У нее в руках была сумка. Она расстегнула «молнию», погрузила руку во что-то темное:

– Тут на сапку, как раз на сапку…

Странное, продолговатое, скуластое лицо – почти бесстрастное, если бы не глаза, полные темной, влажной мольбы. Когда-то, видно, это было очень красивое лицо, если и сейчас, обрамленное длинными черными волосами, пробитыми сединой, оно выглядело столь выразительным – только, казалось, в чертах его, как сжатая пружина, таится какая-то болезненная судорога.

– Ничего не надо. Ничего у нас нет. Ни водки, ни денег. – Фашистским тоном повторил я, зная, что любой другой не будет услышан.

И в этот момент заметил на пальце ее руки кольцо. «Кольцо из белого металла», – так записано у Тревора-Бетти. Старинное кольцо – может, из олова, но скорее из серебра давнишней, до-фабричной плавки, без клейма, без пробы. На Канине немного есть серебряной руды и – кто знает – может быть, в старое время там был и мастер? Чтобы узнать историю этого кольца – возможно единственного, которое до сих пор не было ни утеряно, ни обменяно, ни пропито – мне надо было что-то сделать, что-то сказать этой черной птице, разделить с нею горсть зерен, но вот эта судорога в ее лице, готовая вырваться наружу – она пугала меня. Я не хотел касаться несчастья и недоли, не хотел подпускать их близко.

Я и без того здесь принял этого слишком много!

Бури беззвучно бушевали внутри меня. Я молча стоял в дверях.
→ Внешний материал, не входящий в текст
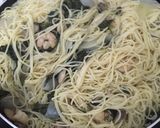 A picture of step 9 of Buttery shrimp scampi in a white wine sauce over angel hair pasta#mycookbook.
Она истолковала мое молчание, как безоговорочный отказ. Отошла, шурша перьями, что-то заклекотала…

Она безумна.

Зимой покончил с собой ее сын.

Я узнал это наутро.

Если бы знал вечером, я бы, черт возьми, купил у нее этот пух – потому что ее сын, он был… самый замечательный парень, которого я когда-либо видел на острове. Он мог бы стать героем, как Никита, но померк накануне полярной ночи и с его смертью на острове стало еще сумрачнее. В ее оперении только черные перья…

Мне хотелось убраться с острова не замаравшись, не поранившись. Увы, слишком поздно понимаешь главное – что это невозможно. И безнравственно даже. Ибо если ты попал в зону бедствия, то что-то ты должен разделить с людьми. Хотя бы слова. Тогда мне и этого было жаль и я открыто негодовал, что к нам опять ломится кто-то.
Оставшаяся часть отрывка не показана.